Q&A: BuzzFeed’s CEO Says It Would Be ‘Much Bigger’ If ComScore Tracked Its Mobile Stats

Jonah Peretti on video, branded content and TV deals

Ten years ago, BuzzFeed pioneered viral news and branded content with popular listicles and quizzes. Now, it's going all-in on video, using social apps like Facebook and Snapchat as prime real estate for its content.

Adweek talked to BuzzFeed CEO Jonah Peretti about the move from text to video, how the company measures its social footprint and the massive success of food brand Tasty, which reaches 500 million people a month and generated 1.8 billion views in September, per video company Tubular Labs.

Adweek: When did you realize that BuzzFeed needed to go into video?

Jonah Peretti: I don't know that I realized it until kind of late. We made the decision to buy Ze Frank's company almost four years ago, and he established BuzzFeed video.
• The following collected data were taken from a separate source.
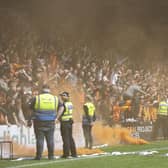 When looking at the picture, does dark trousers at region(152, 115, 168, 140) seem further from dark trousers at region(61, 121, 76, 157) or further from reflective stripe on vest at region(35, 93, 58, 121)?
reflective stripe on vest at region(35, 93, 58, 121)

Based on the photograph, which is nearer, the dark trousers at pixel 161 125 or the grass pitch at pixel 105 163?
the grass pitch at pixel 105 163

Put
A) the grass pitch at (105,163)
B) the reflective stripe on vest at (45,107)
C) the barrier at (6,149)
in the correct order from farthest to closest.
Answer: the barrier at (6,149), the reflective stripe on vest at (45,107), the grass pitch at (105,163)

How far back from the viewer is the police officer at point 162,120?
2556 centimetres

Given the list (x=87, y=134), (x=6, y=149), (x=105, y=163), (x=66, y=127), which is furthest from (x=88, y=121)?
(x=105, y=163)

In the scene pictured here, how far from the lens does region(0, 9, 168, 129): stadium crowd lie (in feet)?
66.4

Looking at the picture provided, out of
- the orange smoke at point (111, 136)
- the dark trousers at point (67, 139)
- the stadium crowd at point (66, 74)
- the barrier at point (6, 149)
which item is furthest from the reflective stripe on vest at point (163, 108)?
the dark trousers at point (67, 139)

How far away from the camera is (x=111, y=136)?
23.0 metres

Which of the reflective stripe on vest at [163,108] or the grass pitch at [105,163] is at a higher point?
the reflective stripe on vest at [163,108]

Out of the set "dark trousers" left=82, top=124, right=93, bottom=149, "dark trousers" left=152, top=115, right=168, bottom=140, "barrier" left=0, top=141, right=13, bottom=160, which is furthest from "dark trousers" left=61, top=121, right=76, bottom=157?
"dark trousers" left=152, top=115, right=168, bottom=140

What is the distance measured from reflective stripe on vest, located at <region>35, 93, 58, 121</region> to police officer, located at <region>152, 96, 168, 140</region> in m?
10.7

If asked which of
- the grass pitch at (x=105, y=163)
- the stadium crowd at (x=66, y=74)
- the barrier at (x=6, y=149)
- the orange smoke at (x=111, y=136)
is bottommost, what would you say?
the grass pitch at (x=105, y=163)

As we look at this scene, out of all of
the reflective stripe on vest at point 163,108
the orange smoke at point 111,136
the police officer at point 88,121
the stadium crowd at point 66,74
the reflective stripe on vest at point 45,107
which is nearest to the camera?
the reflective stripe on vest at point 45,107

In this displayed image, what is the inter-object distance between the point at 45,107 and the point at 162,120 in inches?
447

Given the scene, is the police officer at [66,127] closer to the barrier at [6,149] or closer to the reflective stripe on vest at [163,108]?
the barrier at [6,149] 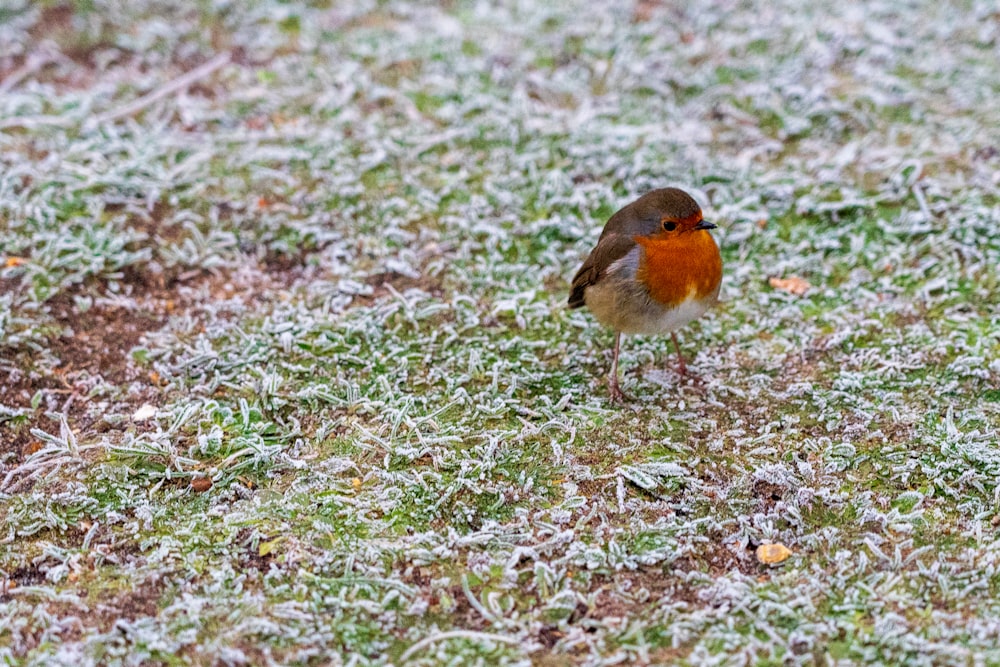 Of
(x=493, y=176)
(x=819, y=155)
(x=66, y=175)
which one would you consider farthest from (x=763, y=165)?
(x=66, y=175)

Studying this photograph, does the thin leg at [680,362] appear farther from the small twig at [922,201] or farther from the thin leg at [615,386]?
the small twig at [922,201]

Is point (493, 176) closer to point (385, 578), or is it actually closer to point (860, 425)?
point (860, 425)

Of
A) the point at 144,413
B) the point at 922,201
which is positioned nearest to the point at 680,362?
the point at 922,201

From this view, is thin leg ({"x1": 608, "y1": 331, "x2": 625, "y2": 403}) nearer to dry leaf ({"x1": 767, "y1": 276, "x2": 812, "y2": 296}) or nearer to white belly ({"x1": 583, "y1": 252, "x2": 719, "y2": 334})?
white belly ({"x1": 583, "y1": 252, "x2": 719, "y2": 334})

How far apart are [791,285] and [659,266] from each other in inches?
39.8

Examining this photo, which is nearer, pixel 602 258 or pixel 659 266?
pixel 659 266

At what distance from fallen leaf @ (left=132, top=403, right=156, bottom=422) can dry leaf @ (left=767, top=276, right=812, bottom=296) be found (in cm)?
255

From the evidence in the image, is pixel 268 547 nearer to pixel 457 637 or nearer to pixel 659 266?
pixel 457 637

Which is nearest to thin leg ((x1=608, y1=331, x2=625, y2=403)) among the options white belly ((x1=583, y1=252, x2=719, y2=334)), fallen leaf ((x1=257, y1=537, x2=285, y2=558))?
white belly ((x1=583, y1=252, x2=719, y2=334))

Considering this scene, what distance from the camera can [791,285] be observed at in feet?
13.7

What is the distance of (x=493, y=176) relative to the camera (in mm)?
4945

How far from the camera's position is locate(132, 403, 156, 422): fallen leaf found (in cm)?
348

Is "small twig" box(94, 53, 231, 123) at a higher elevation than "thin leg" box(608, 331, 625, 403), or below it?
higher

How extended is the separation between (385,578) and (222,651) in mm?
477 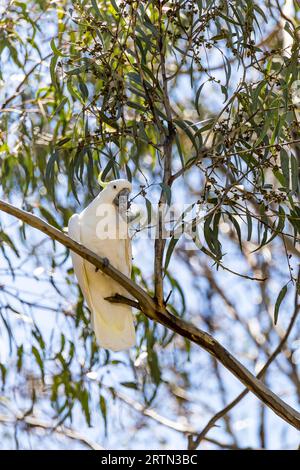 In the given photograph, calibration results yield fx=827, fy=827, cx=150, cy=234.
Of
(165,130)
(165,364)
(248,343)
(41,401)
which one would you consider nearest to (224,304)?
(248,343)

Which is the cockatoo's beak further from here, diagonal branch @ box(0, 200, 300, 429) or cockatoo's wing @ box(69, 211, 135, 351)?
diagonal branch @ box(0, 200, 300, 429)

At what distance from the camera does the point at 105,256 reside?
8.86 ft

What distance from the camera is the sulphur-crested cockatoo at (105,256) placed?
266cm

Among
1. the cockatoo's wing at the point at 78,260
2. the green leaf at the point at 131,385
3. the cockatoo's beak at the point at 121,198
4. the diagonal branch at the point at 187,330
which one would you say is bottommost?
the diagonal branch at the point at 187,330

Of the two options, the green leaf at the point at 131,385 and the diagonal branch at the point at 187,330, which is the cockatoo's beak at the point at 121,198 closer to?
the diagonal branch at the point at 187,330

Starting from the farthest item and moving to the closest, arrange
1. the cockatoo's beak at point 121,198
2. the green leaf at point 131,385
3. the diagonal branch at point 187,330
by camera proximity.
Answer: the green leaf at point 131,385, the cockatoo's beak at point 121,198, the diagonal branch at point 187,330

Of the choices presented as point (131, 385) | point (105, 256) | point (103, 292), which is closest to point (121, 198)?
point (105, 256)

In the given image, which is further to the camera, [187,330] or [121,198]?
[121,198]

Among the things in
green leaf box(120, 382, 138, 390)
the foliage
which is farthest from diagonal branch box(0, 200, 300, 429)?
green leaf box(120, 382, 138, 390)

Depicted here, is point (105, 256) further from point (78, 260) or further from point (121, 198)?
point (121, 198)

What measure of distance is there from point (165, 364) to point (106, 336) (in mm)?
2535

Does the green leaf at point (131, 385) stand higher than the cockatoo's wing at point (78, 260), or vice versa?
the cockatoo's wing at point (78, 260)

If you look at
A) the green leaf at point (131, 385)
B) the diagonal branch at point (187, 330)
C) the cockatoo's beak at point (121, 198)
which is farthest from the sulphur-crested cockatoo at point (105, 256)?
the green leaf at point (131, 385)

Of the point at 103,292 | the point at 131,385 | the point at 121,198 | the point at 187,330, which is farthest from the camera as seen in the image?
the point at 131,385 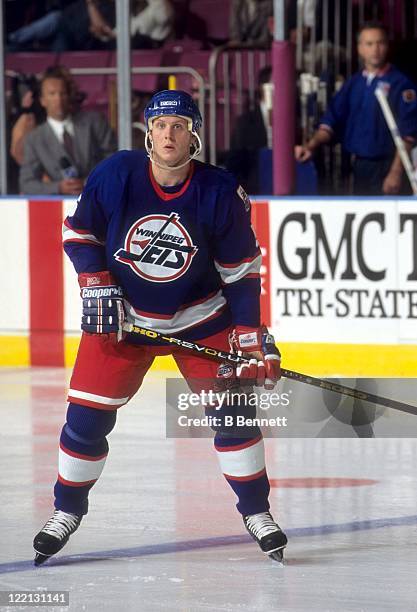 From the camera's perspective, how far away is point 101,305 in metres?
4.86

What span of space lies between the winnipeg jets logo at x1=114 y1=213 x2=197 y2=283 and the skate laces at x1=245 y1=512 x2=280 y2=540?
2.59 feet

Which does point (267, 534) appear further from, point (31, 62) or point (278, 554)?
point (31, 62)

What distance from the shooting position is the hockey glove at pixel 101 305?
16.0 feet

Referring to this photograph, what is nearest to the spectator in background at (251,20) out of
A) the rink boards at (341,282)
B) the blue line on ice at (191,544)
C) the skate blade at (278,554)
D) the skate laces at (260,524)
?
the rink boards at (341,282)

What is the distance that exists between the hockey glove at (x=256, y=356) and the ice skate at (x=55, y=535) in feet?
2.27

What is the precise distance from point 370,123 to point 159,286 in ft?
14.8

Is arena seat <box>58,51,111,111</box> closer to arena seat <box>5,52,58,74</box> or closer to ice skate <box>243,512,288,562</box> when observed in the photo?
arena seat <box>5,52,58,74</box>

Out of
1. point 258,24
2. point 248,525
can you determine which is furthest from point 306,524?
point 258,24

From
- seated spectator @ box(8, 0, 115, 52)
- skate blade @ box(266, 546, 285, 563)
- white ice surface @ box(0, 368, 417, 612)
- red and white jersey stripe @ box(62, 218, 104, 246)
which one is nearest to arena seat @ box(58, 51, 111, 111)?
seated spectator @ box(8, 0, 115, 52)

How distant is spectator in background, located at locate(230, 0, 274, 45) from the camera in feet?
37.2

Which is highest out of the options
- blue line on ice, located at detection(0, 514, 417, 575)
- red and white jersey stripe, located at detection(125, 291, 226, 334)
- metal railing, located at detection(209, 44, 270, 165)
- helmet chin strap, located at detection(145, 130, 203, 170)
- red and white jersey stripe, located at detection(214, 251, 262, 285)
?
metal railing, located at detection(209, 44, 270, 165)

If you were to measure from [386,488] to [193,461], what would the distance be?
92cm

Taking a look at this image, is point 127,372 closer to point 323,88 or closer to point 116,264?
point 116,264

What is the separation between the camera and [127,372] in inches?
196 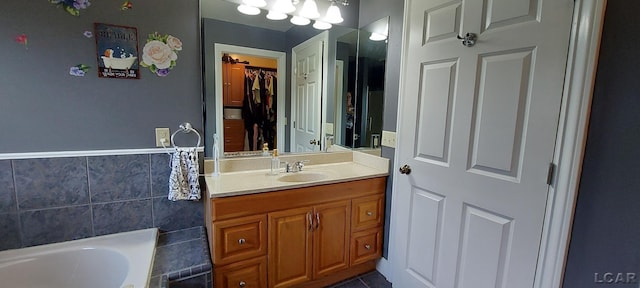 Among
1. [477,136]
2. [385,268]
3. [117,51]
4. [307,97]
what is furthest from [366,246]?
[117,51]

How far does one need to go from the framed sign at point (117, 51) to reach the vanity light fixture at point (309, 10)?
115 centimetres

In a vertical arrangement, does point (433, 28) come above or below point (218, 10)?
below

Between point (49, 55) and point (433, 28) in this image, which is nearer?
Answer: point (49, 55)

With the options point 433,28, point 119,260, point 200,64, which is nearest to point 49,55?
point 200,64

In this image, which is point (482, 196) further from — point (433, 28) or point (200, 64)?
point (200, 64)

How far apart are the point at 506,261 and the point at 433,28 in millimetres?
1373

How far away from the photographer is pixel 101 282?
5.24ft

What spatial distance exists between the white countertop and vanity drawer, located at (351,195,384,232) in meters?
0.19

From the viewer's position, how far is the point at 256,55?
2115mm

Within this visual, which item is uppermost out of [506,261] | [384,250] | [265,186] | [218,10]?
[218,10]

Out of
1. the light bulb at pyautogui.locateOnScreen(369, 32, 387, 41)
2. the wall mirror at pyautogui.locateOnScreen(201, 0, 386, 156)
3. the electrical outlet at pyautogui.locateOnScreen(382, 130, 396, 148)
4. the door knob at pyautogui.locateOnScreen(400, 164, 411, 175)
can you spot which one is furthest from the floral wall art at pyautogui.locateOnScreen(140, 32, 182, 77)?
the door knob at pyautogui.locateOnScreen(400, 164, 411, 175)

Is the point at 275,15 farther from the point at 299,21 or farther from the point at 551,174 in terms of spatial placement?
the point at 551,174

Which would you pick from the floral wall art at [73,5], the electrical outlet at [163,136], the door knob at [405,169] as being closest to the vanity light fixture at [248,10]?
the floral wall art at [73,5]

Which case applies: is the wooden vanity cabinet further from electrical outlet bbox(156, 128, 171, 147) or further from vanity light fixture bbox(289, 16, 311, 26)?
vanity light fixture bbox(289, 16, 311, 26) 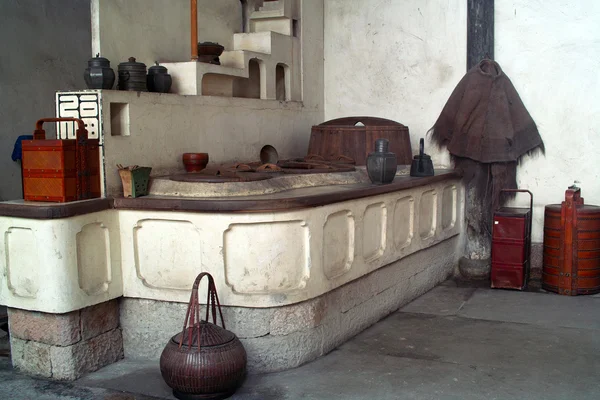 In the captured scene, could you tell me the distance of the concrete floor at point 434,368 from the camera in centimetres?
464

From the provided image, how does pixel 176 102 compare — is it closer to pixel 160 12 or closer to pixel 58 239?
pixel 160 12

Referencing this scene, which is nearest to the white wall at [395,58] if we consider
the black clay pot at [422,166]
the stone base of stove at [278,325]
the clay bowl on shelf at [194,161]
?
the black clay pot at [422,166]

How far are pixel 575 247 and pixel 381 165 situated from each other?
2423 mm

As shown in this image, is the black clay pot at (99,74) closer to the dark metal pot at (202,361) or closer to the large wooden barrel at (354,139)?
the dark metal pot at (202,361)

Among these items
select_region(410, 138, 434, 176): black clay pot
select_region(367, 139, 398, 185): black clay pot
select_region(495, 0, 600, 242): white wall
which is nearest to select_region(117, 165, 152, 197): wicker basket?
select_region(367, 139, 398, 185): black clay pot

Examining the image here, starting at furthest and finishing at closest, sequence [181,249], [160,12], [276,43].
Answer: [276,43] → [160,12] → [181,249]

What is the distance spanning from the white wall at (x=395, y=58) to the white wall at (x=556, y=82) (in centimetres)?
60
I remember telling Ze when he first joined, 'BuzzFeed is really a website, and we weren't doing any video at the time, so I don't know how much I'll see you on the West Coast.'

He's such a great entrepreneur and was able to build something really huge that's now about half of our revenue. I ended up moving out to L.A. partly because our video business got big and partly because my wife couldn't take the [New York] winters.

I would say I was a little skeptical, and my main skepticism was that I didn't see people consuming lots of video on mobile. It felt like people didn't have headphones, it loads slowly, it didn't seem like it was the natural thing for mobile—and I was really wrong about that.

We saw it first with our YouTube growth, and about half of that was mobile, and then the majority of Tasty being mobile and this explosion of audio-optional video that lives within the news feed.

In the last two years, I really became a full believer in what video was going to be able to do for BuzzFeed. Fortunately Ze saw that earlier than me.

In September, BuzzFeed had 72.8 million unique visitors, down from 83.4 million in March, according to comScore. Where is that traffic being taken from?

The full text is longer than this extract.